INFORMATION GIVEN:
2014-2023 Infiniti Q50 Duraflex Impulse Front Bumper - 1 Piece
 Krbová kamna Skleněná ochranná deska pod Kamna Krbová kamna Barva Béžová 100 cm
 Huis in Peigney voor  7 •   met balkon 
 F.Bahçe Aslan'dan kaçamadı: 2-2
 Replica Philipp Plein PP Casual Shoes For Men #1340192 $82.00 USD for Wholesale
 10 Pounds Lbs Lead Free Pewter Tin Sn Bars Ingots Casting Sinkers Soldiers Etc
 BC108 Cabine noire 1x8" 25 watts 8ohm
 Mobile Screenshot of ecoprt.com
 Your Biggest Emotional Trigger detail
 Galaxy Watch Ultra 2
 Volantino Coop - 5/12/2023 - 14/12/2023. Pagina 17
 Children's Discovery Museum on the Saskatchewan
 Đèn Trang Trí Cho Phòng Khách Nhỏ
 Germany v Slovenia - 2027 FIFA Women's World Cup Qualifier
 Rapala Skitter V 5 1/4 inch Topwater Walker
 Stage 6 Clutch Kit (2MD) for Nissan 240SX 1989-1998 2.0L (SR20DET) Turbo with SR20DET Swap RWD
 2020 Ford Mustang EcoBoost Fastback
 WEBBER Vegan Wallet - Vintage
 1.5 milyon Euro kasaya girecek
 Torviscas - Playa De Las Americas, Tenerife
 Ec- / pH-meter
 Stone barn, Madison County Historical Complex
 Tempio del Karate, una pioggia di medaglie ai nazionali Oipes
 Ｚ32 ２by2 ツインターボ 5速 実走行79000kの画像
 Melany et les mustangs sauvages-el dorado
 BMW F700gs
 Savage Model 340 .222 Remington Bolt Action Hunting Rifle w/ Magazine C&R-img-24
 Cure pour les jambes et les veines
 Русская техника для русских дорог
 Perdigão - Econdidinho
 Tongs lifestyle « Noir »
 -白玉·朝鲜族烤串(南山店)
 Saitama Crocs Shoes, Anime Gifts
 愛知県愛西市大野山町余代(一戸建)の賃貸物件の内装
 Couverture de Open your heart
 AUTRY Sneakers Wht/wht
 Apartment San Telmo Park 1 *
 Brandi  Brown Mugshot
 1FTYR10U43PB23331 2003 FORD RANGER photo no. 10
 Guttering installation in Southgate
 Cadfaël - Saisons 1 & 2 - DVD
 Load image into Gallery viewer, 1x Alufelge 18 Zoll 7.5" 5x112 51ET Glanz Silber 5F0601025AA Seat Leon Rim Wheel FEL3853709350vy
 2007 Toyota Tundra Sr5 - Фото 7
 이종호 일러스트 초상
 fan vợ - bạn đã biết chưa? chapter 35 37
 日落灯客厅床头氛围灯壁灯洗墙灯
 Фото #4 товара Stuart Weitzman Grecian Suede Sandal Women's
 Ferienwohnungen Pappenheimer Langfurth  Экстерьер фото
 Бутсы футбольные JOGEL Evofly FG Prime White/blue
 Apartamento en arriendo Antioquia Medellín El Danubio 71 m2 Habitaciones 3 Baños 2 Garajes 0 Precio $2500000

INSTRUCTIONS FOR THE TASK:
Wherever the word "Shoes" appears in a line of the records, count that line. Say how many there are, with no other words.

ANSWER TO THE EXERCISE:
2